= Beginning of Section =
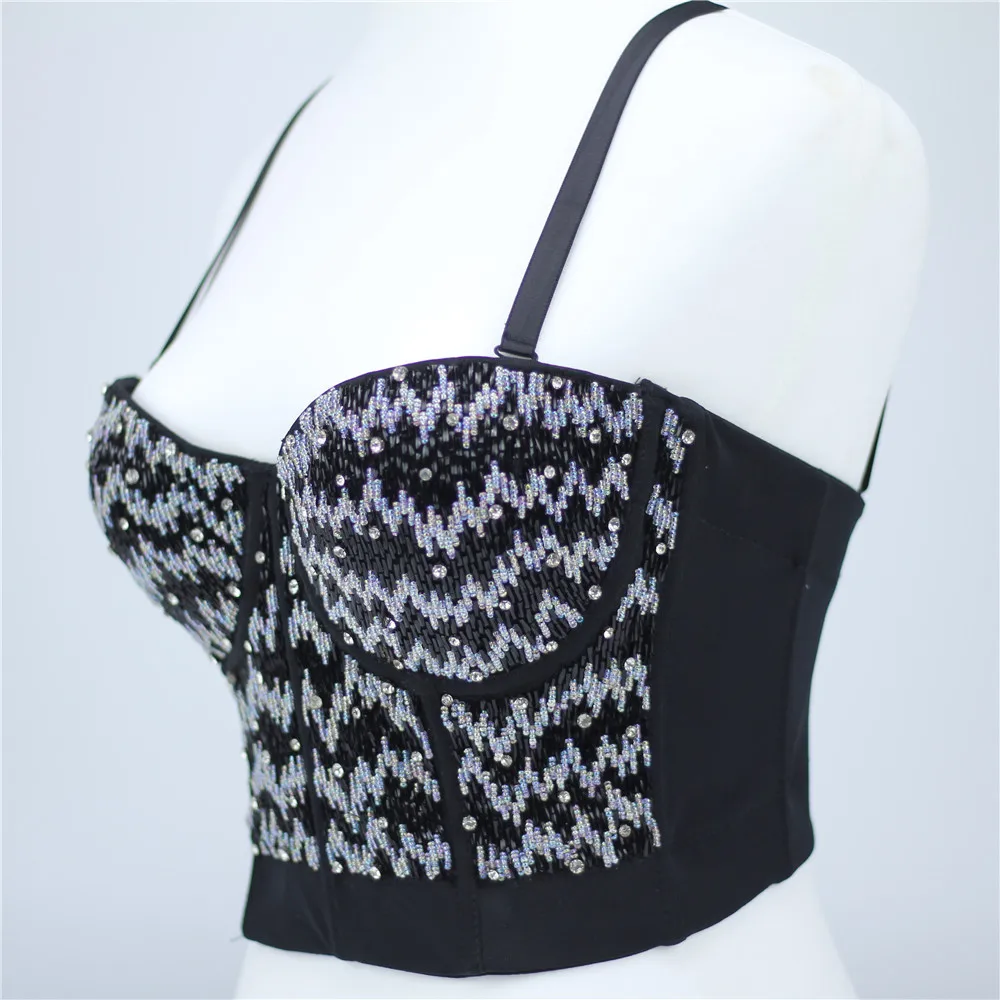 

Fashion Nightclub Sexy Beaded Camisole Ball Light Performance Corset European and American Chest Support Body Shaping Top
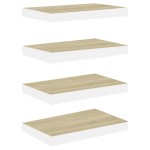 vidaXL Rafturi perete suspendate 4 buc. alb/stejar 40x23x3,8 cm MDF vidaXL Rafturi perete suspendate 4 buc. alb/stejar 40x23x3,8 cm MDF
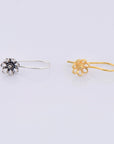 24K Gold Vermeil & 925 Sterling Silver Flower Ear Wires, Earring Hooks, Ear Wires, Earrings Making Supply, Jewelry Findings, M44- VM44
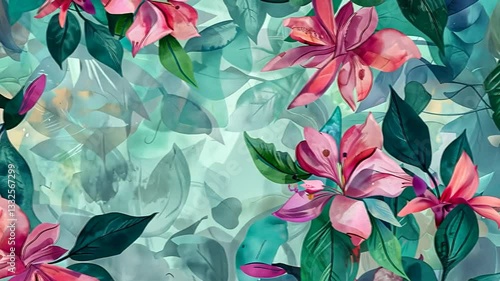 Florales Kunstmuster mit zarten rosa Blumen auf blauem Hintergrund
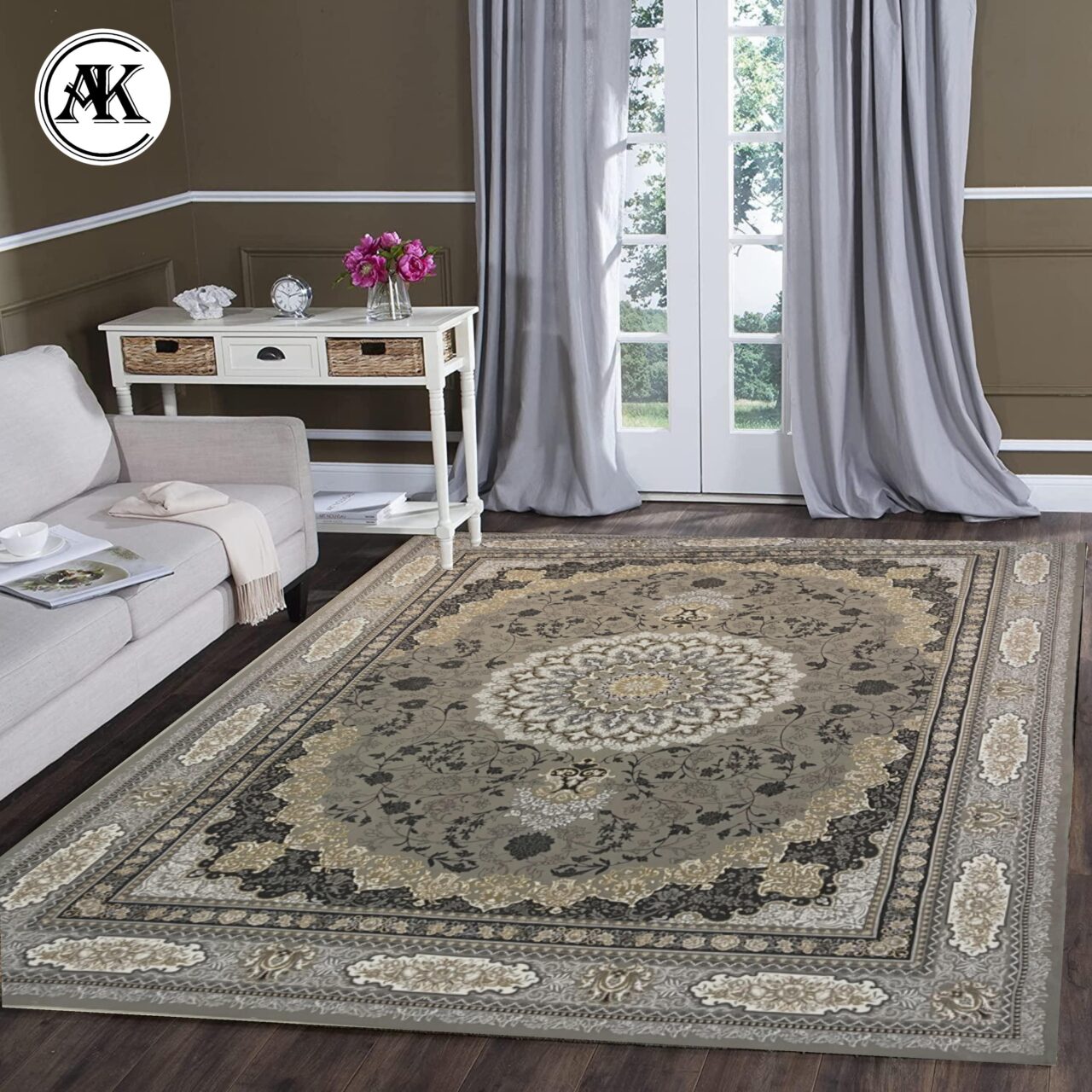 دکوراسیون فرش 700 شانه آنا نقره_ای گل_برجسته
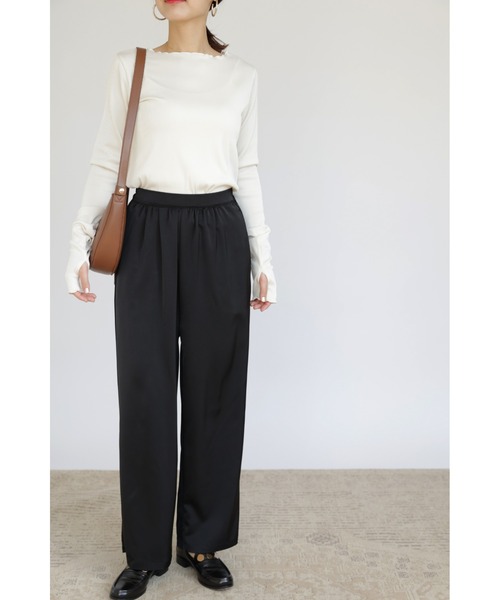 &. NOSTALGIA（アンドドットノスタルジア）の「【ZOZO限定】イージーサテンパンツ（その他パンツ・レディース・ブラック×ホワイト/ブラック・FREE）」の21枚目の写真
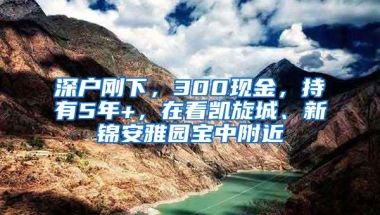 深户刚下，300现金，持有5年+，在看凯旋城、新锦安雅园宝中附近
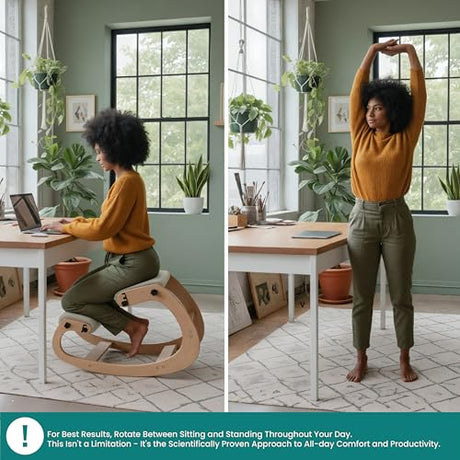 NYPOT Ergonomic Kneeling Chair with Adjustable Seats - Knee Chair for Posture Correction & Kneel Rocking Stool for Desk - Back Pain Relief for Home and Office, Supports 250 pounds - 5 Years Warranty NYPOT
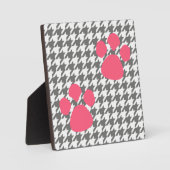 Photo Plaque Empreinte de patte - Houndstooth rose gris (Recto)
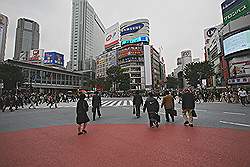Shibuja - oversteekplaats: de voetgangers lopen verder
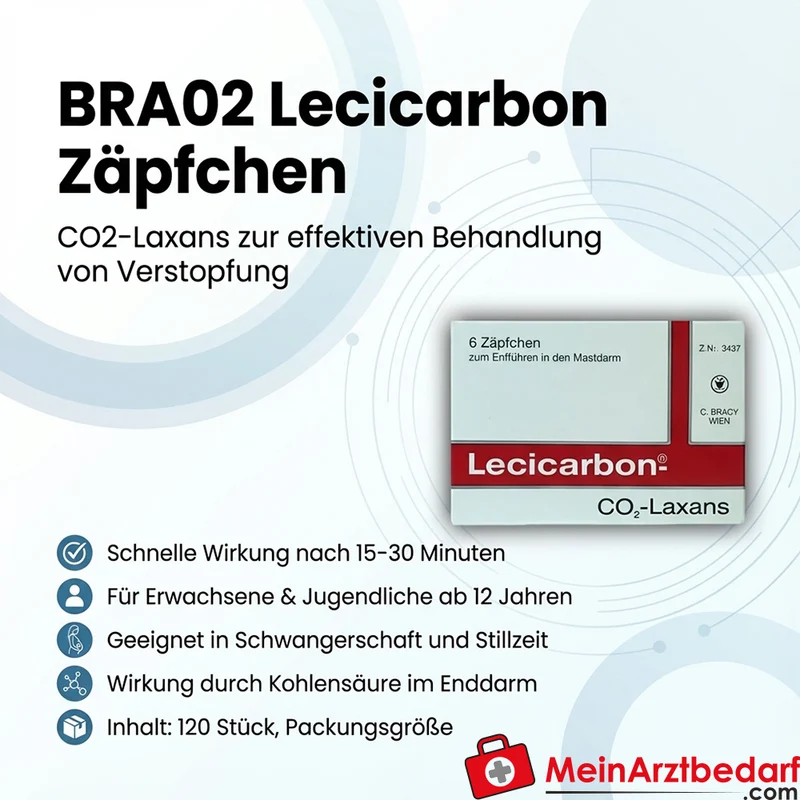 BRA02 Lecicarbon Zäpfchen 120 St. – CO2‑Laxans, Abführmittel bei Verstopfung für Erwachsene & Jugendliche (12–18 Jahre)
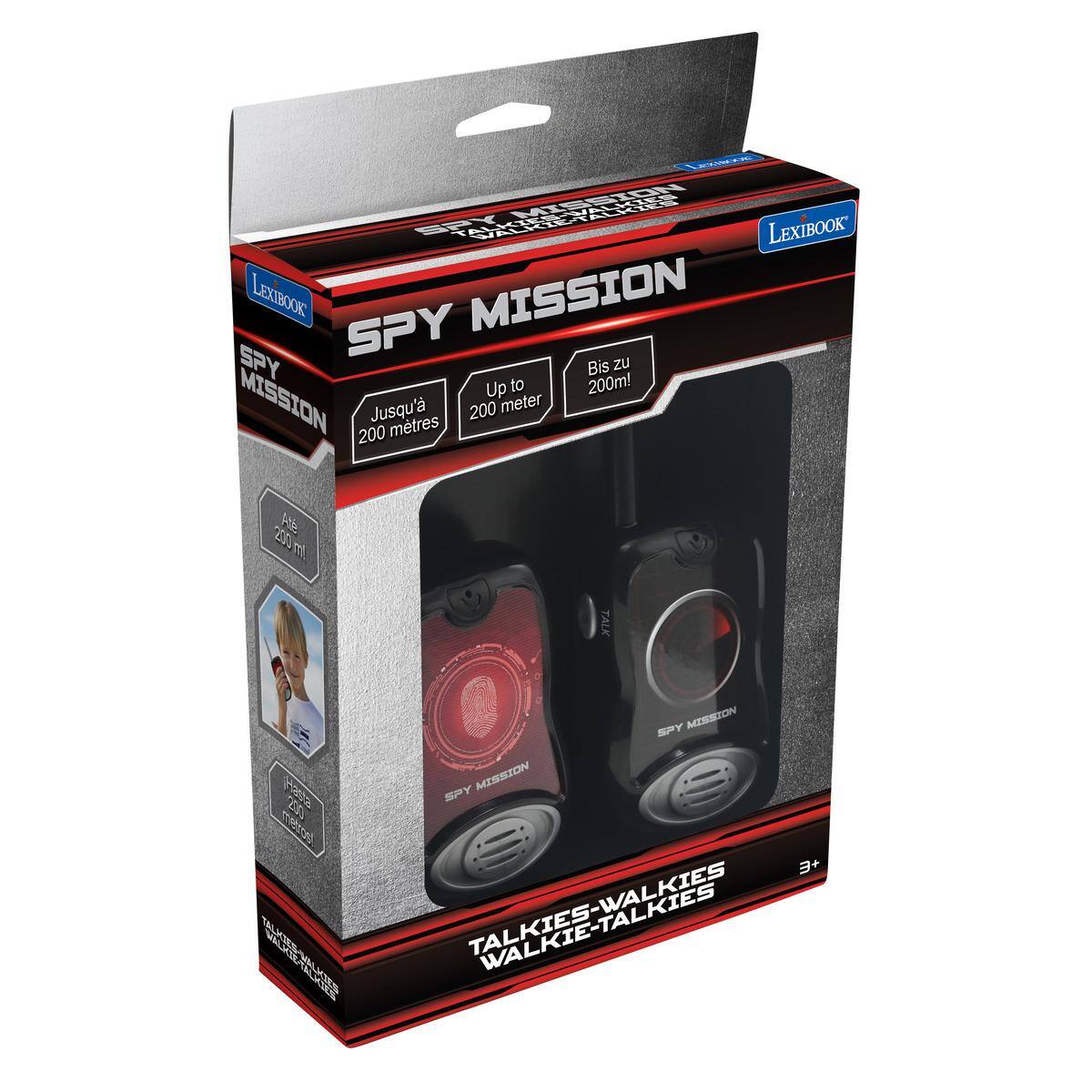 SPY MISSION  
LEXIBOOK  
Up to 200 meters  
Jusqu'à 200 mètres  
Bis zu 200 m!  
TALKIES-WALKIES  
WALKIE-TALKIES  
3+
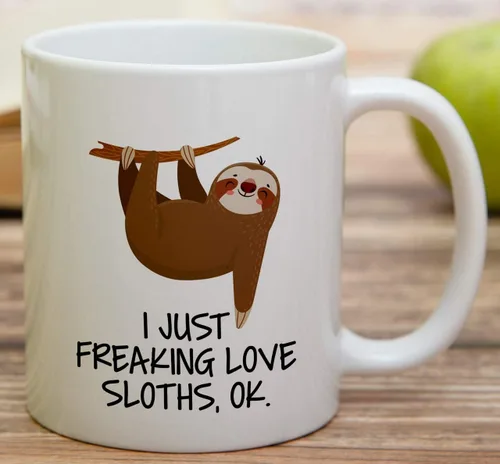 Miniatura 3 de Retreez Taza divertida – I Just Freaking Love Sloths - Tazas de café de cerámica de 11 onzas – Divertido, sarcasmo, sarcástico, motivacional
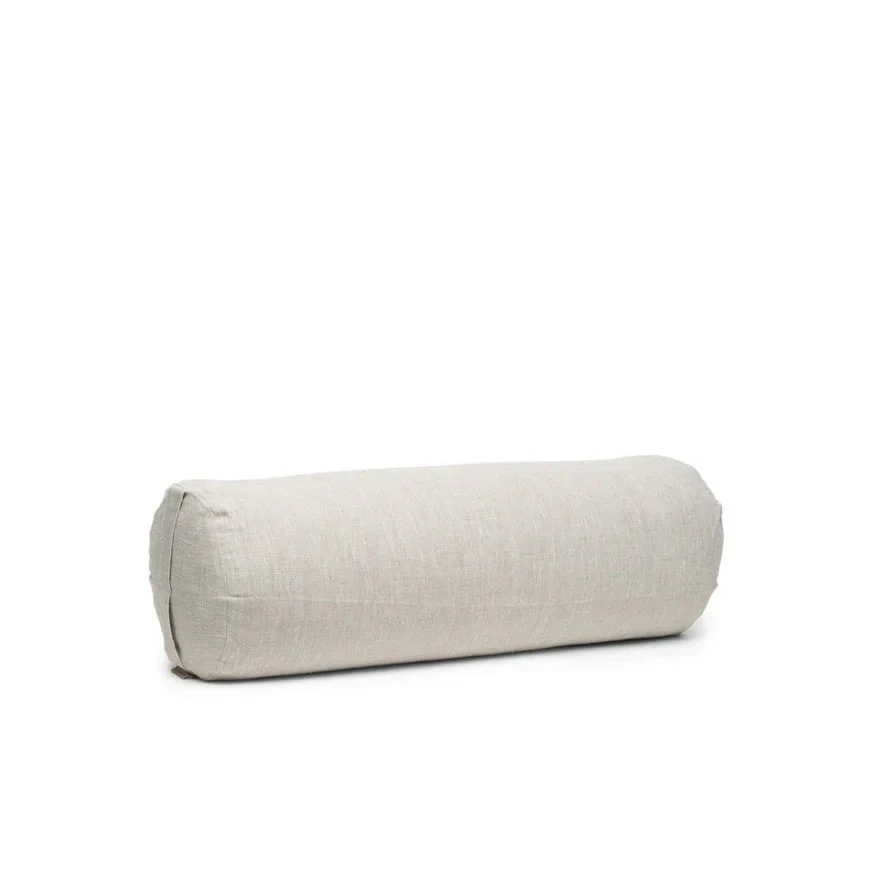 B, Halfmoon Linen Cylindrical Yoga Bolster - Image 3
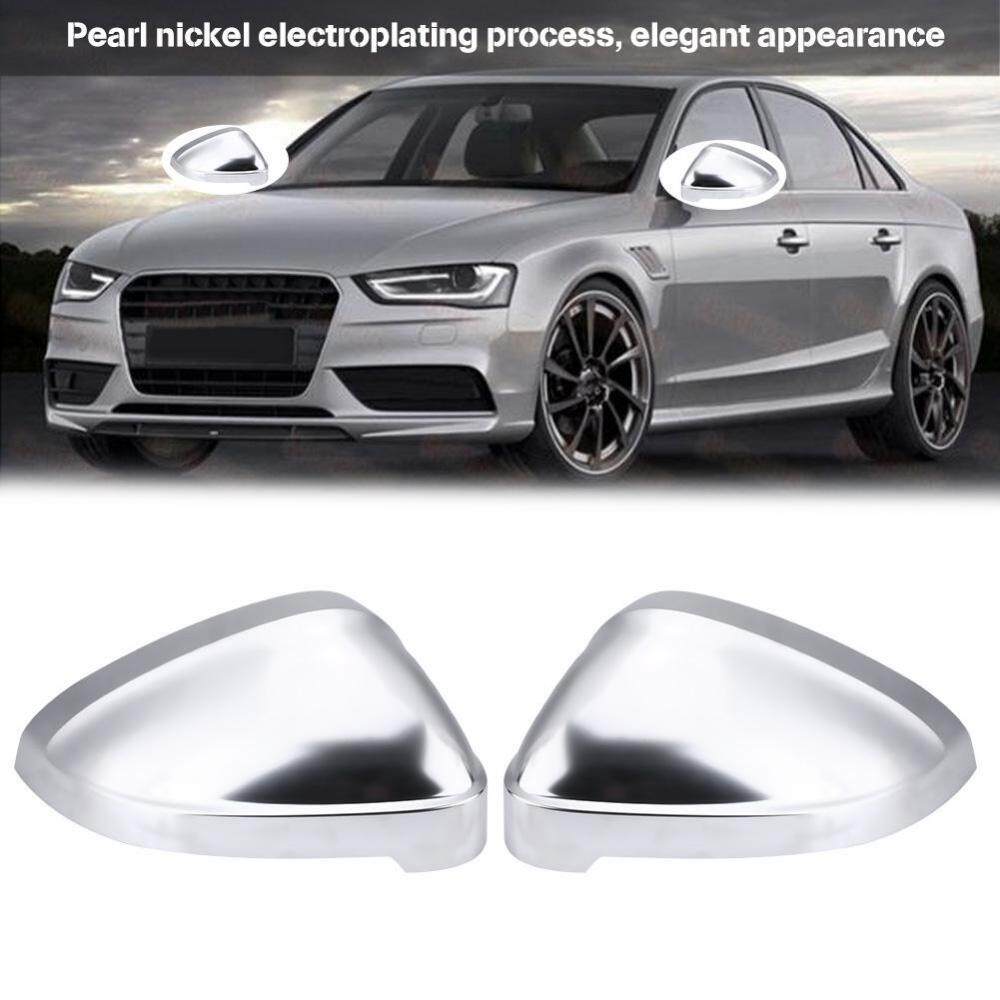 Sepasang Krom Matte Kaca Spion Shell Cover Tutup Pelindung untuk Audi B9 A4 A5 S4-Intl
= End of Section =
ACTIVITY ▸ Reproduce all the records verbatim, excluding images.

OUTPUT OF THE EXERCISE ▸
Fashion Nightclub Sexy Beaded Camisole Ball Light Performance Corset European and American Chest Support Body Shaping Top
 vidaXL Rafturi perete suspendate 4 buc. alb/stejar 40x23x3,8 cm MDF vidaXL Rafturi perete suspendate 4 buc. alb/stejar 40x23x3,8 cm MDF
 24K Gold Vermeil & 925 Sterling Silver Flower Ear Wires, Earring Hooks, Ear Wires, Earrings Making Supply, Jewelry Findings, M44- VM44
 Florales Kunstmuster mit zarten rosa Blumen auf blauem Hintergrund
 دکوراسیون فرش 700 شانه آنا نقره_ای گل_برجسته
 &. NOSTALGIA（アンドドットノスタルジア）の「【ZOZO限定】イージーサテンパンツ（その他パンツ・レディース・ブラック×ホワイト/ブラック・FREE）」の21枚目の写真
 深户刚下，300现金，持有5年+，在看凯旋城、新锦安雅园宝中附近
 NYPOT Ergonomic Kneeling Chair with Adjustable Seats - Knee Chair for Posture Correction & Kneel Rocking Stool for Desk - Back Pain Relief for Home and Office, Supports 250 pounds - 5 Years Warranty NYPOT
 Photo Plaque Empreinte de patte - Houndstooth rose gris (Recto)
Shibuja - oversteekplaats: de voetgangers lopen verder
 BRA02 Lecicarbon Zäpfchen 120 St. – CO2‑Laxans, Abführmittel bei Verstopfung für Erwachsene & Jugendliche (12–18 Jahre)
 SPY MISSION  
LEXIBOOK  
Up to 200 meters  
Jusqu'à 200 mètres  
Bis zu 200 m!  
TALKIES-WALKIES  
WALKIE-TALKIES  
3+
 Miniatura 3 de Retreez Taza divertida – I Just Freaking Love Sloths - Tazas de café de cerámica de 11 onzas – Divertido, sarcasmo, sarcástico, motivacional
 B, Halfmoon Linen Cylindrical Yoga Bolster - Image 3
 Sepasang Krom Matte Kaca Spion Shell Cover Tutup Pelindung untuk Audi B9 A4 A5 S4-Intl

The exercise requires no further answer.